Marika clapped her hands, delighted. “Tell us another one.”
He knew there was another riddle tied to that myth. He had to rack his brain. “Okay. ‘There are two sisters. One gave birth to the other, and the other gave birth to the first. Who are they?’”
Pindor crossed his arms. “I don’t know, but that’s just sick.”
Jake glanced to Bach’uuk. His brow was furrowed in concentration, but finally he shrugged, giving up.
“It’s night and day,” he said.
Marika smiled. “Day leads to night, and night leads to day.”
Pindor still wasn’t happy. “That’s cheating.”
Bach’uuk didn’t look any happier. In fact, he looked worried.
“What’s wrong?” Jake asked.
“Those riddles,” he said. “They both speak of the passing of time.”
Jake stood straighter. Bach’uuk was right. Time was the crux of everything: the mysterious crystals were called timestones, his mother could be trapped in the past, and now the riddles of the Sphinx. He sensed something important behind this realization.

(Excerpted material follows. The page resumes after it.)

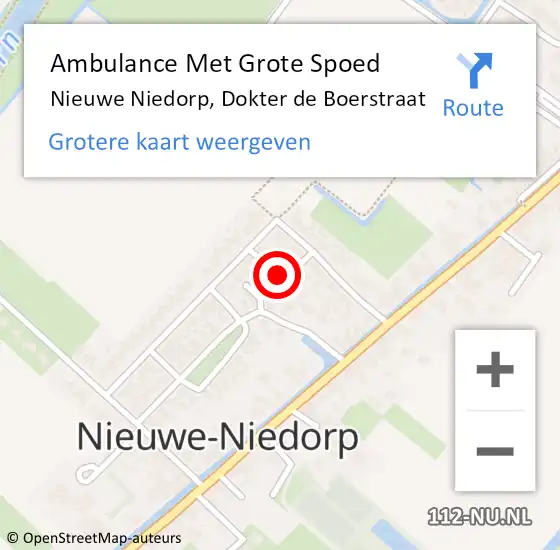 Locatie op kaart van de 112 melding: Ambulance Met Grote Spoed Naar Nieuwe Niedorp, Dokter De Boerstraat op 10 februari 2020 03:19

But before he could ponder it, the ship suddenly rolled and threw them all toward the door. Shouts and horns blared from up top.
Jake helped Marika back to her feet—only to be thrown in the opposite direction.
As they crashed into a heap, Pindor yelled. “What’s happening?”
The answer came from the doorway. Nefertiti stood braced there. Her words offered no comfort.
“We’re under attack!”
24
FOREST OF FLAMES
Jake burst topside into chaos.
The crew ran all about, readying the ship for battle. Swords and axes were being handed out. Teams assembled giant crossbows as large as cannons to the port and starboard sides. Others cranked an even larger catapult into position at the prow.
What was going on?
He searched all around looking for the enemy but saw no threat.
“Follow me!” Nefertiti said, and led Jake and the others toward the stern, where Horus, Politor, and Shaduf had their heads bent together.
As Jake climbed the flight of steps to the raised deck, he finally saw what had the crew in a frenzy. A huge ship flew a half mile behind them, silhouetted against the sinking sun.
Jake hurried to the rail to get a better look. He had seen the ship before at the airfield. With three massive balloons and a battleship-sized deck, it was the royal barge.
Shaduf joined them. “Looks like Kree and the rest of his black-robed ilk grew wings.”